For 2018-2020 cars, the mileage gap also favours the Honda. The Yaris averages 29,659 miles. The Jazz averages 24,851. That is 4,808 fewer miles for the Jazz, and the Jazz delivers the stronger pass rate. Some of that win is likely mileage. Some of it may be condition, usage, owner profile, or the car itself. The record cannot separate those cleanly.

The 2021-on band is stranger. The Yaris averages 25,591 miles, while the Jazz averages 42,858. That is a big mileage disadvantage for the newer Jazz sample, and it may help explain why the Yaris wins that tiny cohort so clearly. But with only 233 Jazz tests in the band, this is supporting colour rather than the backbone of the verdict.

The mileage lesson is plain. A Jazz with 90,000 miles is not automatically safer than a Yaris with 60,000 miles because the model-level pass rate is higher. You still buy the individual car. But when the cars are genuinely comparable, the Jazz starts from a better statistical place.

Mileage does not kill these cars by itself. Neglected mileage does.

A high-mile Yaris with a clean, consistent record can be the right buy. A lower-mile Jazz with repeated brake, gaiter and lighting failures can be the wrong one. The model result helps you choose between equals. The actual MOT history tells you whether the example in front of you deserves your money.

The Numbers We Trust

These figures come from the 2024 public UK MOT record, filtered to the Toyota Yaris and Honda Jazz model pages used on this site. The headline number is first-time pass rate. Test count is the recorded number of tests in the same snapshot. Average mileage is the mileage recorded at test.

The clean comparison is:

  • Toyota Yaris: 691,473 tests, 75.38% pass rate, 69,286 average miles
  • Honda Jazz: 526,817 tests, 77.11% pass rate, 65,885 average miles
  • Pass-rate gap: Jazz ahead by 1.73 percentage points
  • Pre-2018 pass rates: Yaris 73.50%, Jazz 75.54%
  • 2018-2020 pass rates: Yaris 87.76%, Jazz 91.43%
  • 2021-on pass rates: Yaris 93.47%, Jazz 86.27%

The top failure lists are also part of the judgement. The Yaris points heavily at lighting, tyres, wipers and springs. The Jazz points at lighting too, but also brings front gaiter and brake-pad wear higher up the list.

There are limits. The record does not tell you whether the owner serviced the car well, whether a repair was done privately before the test, how harshly the car was driven, or whether a cheap advisory was ignored for years. It also does not tell you repair cost. A wiper blade and a brake job do not belong in the same mental basket.

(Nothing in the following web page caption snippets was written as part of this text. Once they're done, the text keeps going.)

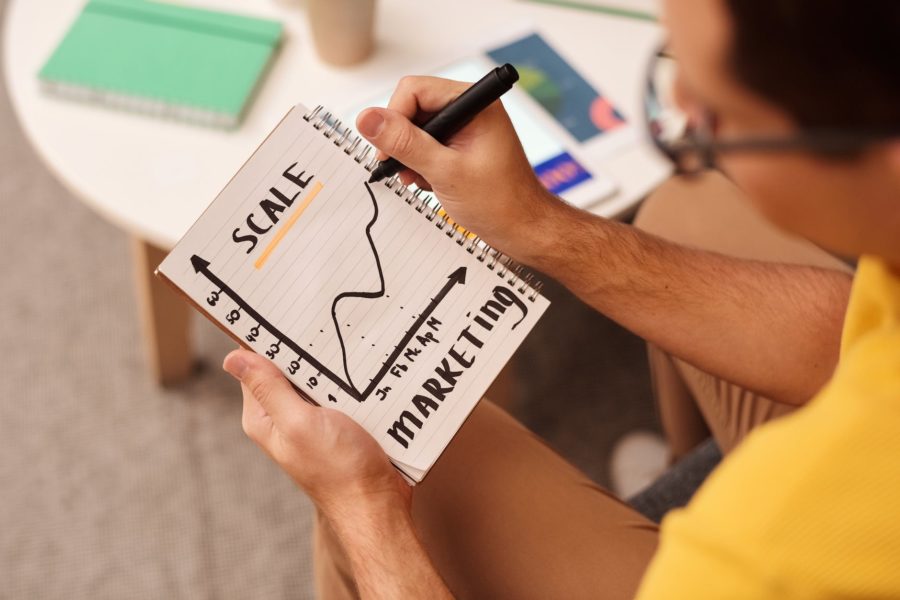 man drawing a graph on notebook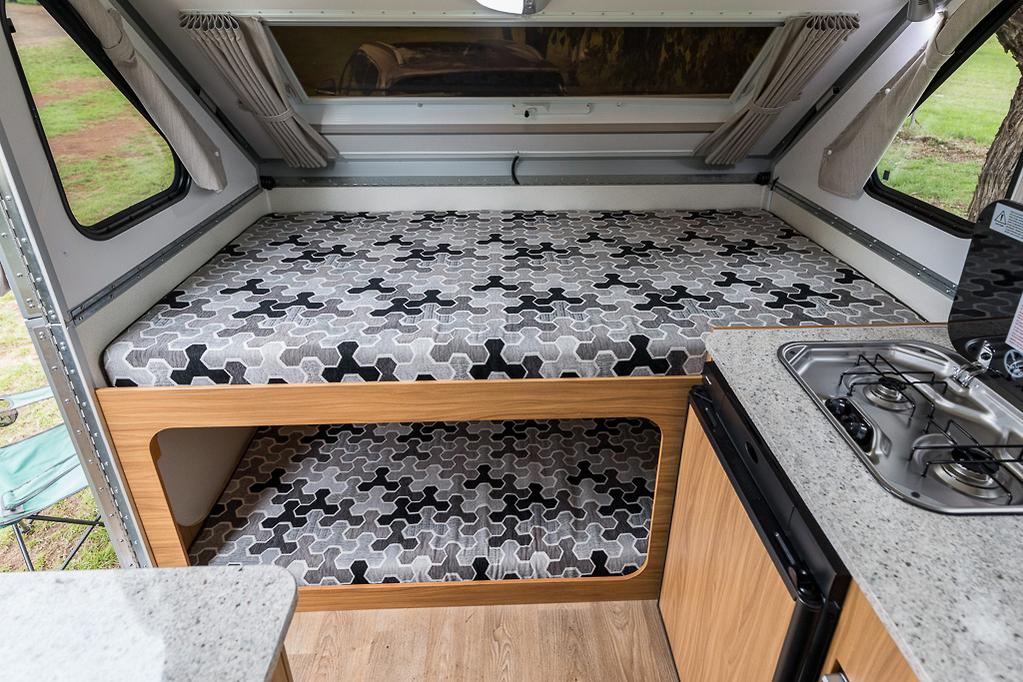 Factory bunk layout in an Avan Cruiseliner with patterned mattresses over the under-bunk, next to the kitchenette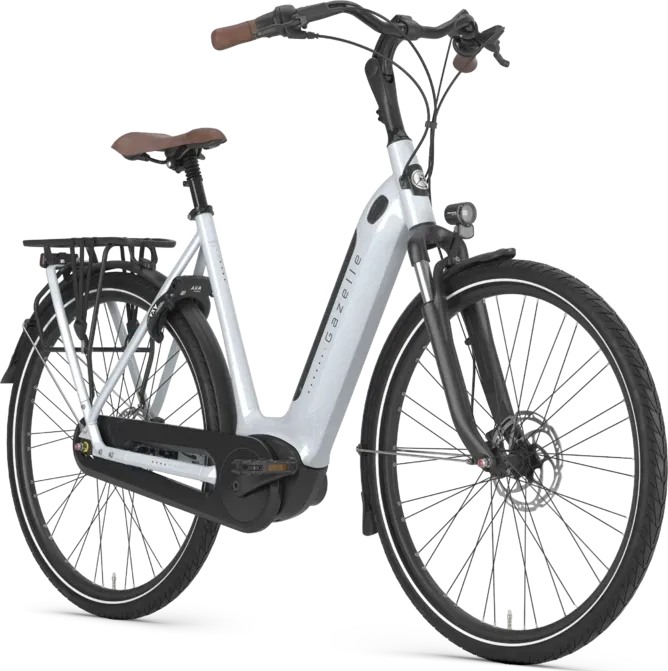 Silver Gazelle electric bicycle with brown seat and handlebars, black fenders, and rear rack.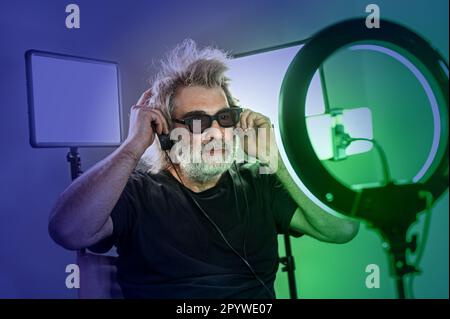 Radio host, affascinante influencer, registra uno spettacolo dal vivo con materiale e attrezzature per la fotocamera. Foto Stock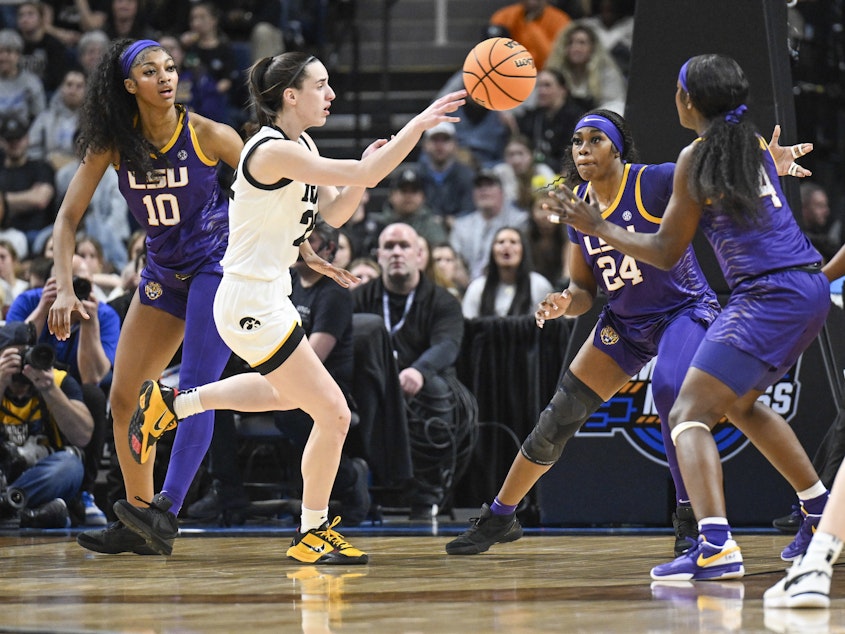 caption: LSU's Angel Reese, left, and Iowa guard Caitlin Clark, center, called their Elite Eight game a great event for their sport. Millions of viewers agreed, launching the contest to the top of ESPN's ratings.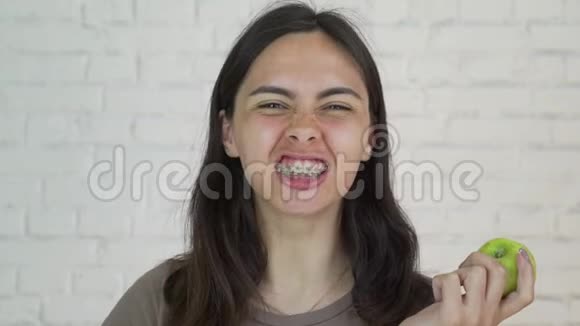 戴着牙套的女人吃着绿苹果微笑着白色的特写视频的预览图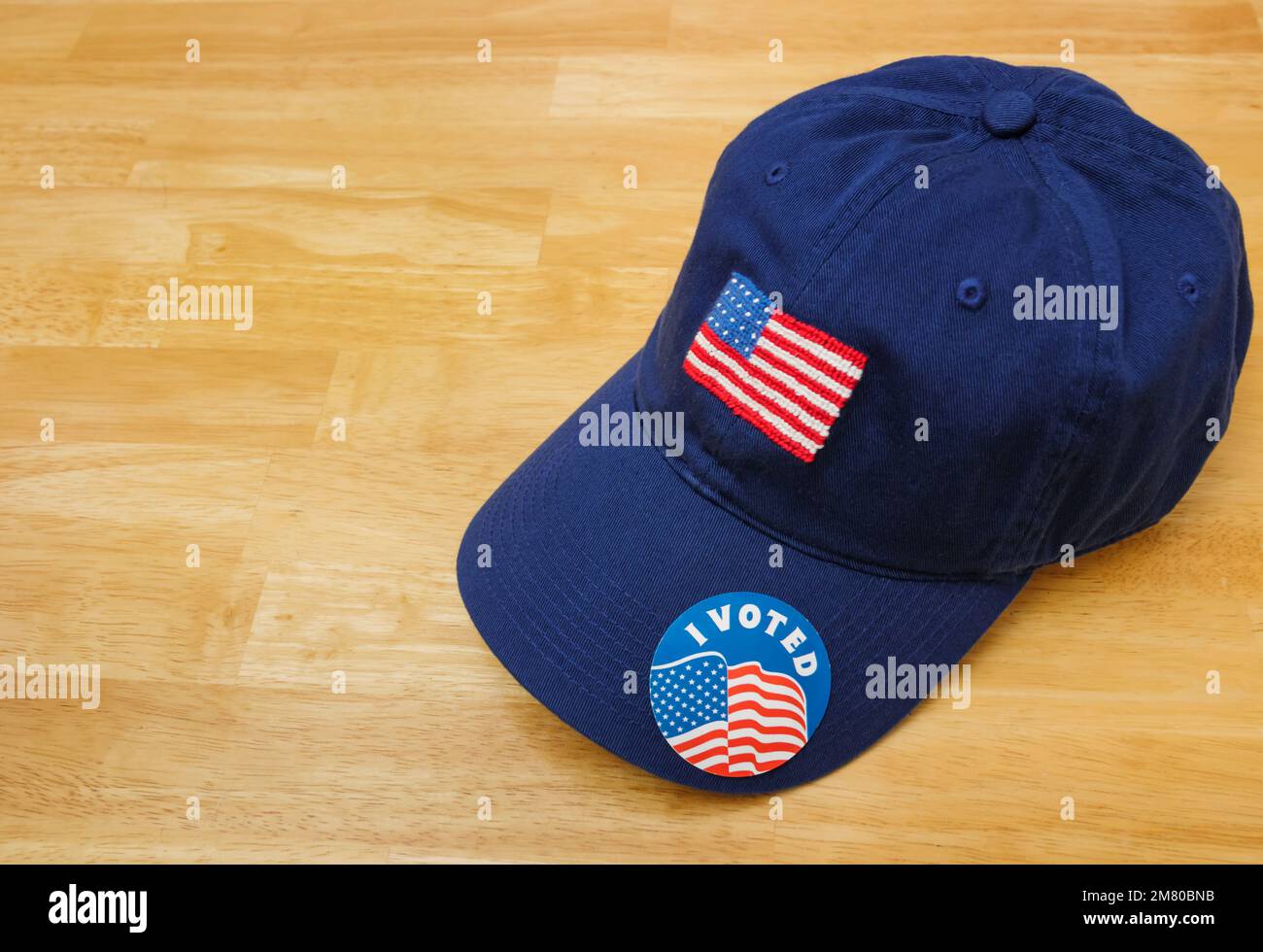 I Voted sticker on a patriotic blue baseball hat with American flag on wood background. Stock Photo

That is why the right move is to use the model data first, then read the individual car’s history. You are looking for patterns. One isolated failure can be ordinary. The same family of failures repeating across years is a maintenance signature.

The Yaris remains one of the easiest used superminis to recommend. It has a vast sample, a good pass rate, and no catastrophic theme in the top failures. The Jazz is simply better on the numbers that matter here. It passes first time more often, wins the older cohort, and wins the 2018-2020 cohort by a wider margin.

That makes the Honda the sharper reliability buy for most used shoppers.

Verdict

The Honda Jazz wins. Not by theatre, not by folklore, and not because the Yaris has suddenly become a bad car. It wins because the 2024 record gives it a higher first-time pass rate across more than half a million tests, and because that advantage holds in the two most useful age bands for used buyers.

The Toyota Yaris is still a strong choice. It has the bigger sample, a good pass rate, and a newer-car cohort that looks excellent. If you find a clean Yaris with a better individual history than the Jazz next to it, buy the Yaris without guilt.

But if both cars are ordinary examples, similarly priced, and similarly maintained, the Honda Jazz is the reliability supermini to put first.

The Jazz takes it by 1.73 percentage points on first-time pass rate, with 526,817 recorded 2024 tests behind it. The Yaris stays highly recommendable, but the Honda has the cleaner headline result and the stronger used-buyer cohort story.